TASK GOAL -
Of all the lines below, output only those starting at the one with "极白帐篷客溪龙茶谷酒店外景图" and ending at the one with "Apagón de nueve", both ends included, exactly as written.

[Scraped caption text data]

--*--

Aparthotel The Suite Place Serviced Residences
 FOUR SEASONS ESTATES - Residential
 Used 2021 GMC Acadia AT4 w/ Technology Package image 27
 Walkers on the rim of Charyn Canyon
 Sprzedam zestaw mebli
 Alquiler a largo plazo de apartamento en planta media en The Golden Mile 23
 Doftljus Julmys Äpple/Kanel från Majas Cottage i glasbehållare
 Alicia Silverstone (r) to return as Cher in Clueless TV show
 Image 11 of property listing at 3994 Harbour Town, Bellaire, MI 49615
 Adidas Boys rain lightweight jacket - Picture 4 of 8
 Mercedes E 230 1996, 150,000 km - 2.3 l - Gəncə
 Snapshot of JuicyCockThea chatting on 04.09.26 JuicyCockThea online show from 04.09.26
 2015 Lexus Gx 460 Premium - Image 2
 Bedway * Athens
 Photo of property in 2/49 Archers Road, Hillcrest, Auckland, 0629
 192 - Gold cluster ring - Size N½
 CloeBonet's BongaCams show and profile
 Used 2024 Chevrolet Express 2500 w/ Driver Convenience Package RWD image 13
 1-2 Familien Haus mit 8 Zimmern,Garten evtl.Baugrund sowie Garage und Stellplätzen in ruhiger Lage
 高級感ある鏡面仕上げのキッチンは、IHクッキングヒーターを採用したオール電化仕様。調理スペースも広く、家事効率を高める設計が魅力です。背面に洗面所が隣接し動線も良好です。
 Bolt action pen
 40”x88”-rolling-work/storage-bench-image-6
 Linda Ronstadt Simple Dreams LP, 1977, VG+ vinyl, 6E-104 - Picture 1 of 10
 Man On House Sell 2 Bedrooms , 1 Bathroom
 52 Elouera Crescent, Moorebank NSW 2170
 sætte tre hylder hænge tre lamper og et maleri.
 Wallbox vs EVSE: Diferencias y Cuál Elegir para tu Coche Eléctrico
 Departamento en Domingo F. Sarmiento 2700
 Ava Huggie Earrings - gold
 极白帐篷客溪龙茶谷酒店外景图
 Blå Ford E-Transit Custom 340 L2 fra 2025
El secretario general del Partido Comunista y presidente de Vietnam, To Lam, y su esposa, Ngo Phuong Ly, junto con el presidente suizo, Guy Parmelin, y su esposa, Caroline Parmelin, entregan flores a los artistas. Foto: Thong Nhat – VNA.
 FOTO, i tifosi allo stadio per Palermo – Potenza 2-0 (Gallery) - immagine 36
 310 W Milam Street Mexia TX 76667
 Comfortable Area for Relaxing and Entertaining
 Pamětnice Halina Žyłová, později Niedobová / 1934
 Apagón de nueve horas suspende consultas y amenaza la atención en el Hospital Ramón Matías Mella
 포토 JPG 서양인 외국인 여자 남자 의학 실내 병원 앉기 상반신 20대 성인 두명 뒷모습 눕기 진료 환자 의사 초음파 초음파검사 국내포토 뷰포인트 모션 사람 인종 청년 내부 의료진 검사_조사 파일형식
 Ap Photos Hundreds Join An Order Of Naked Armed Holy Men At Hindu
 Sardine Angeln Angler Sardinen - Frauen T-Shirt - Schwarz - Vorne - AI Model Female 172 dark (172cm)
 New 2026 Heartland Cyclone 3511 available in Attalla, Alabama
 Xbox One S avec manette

--*--

FINAL ANSWER -
 极白帐篷客溪龙茶谷酒店外景图
 Blå Ford E-Transit Custom 340 L2 fra 2025
El secretario general del Partido Comunista y presidente de Vietnam, To Lam, y su esposa, Ngo Phuong Ly, junto con el presidente suizo, Guy Parmelin, y su esposa, Caroline Parmelin, entregan flores a los artistas. Foto: Thong Nhat – VNA.
 FOTO, i tifosi allo stadio per Palermo – Potenza 2-0 (Gallery) - immagine 36
 310 W Milam Street Mexia TX 76667
 Comfortable Area for Relaxing and Entertaining
 Pamětnice Halina Žyłová, později Niedobová / 1934
 Apagón de nueve horas suspende consultas y amenaza la atención en el Hospital Ramón Matías Mella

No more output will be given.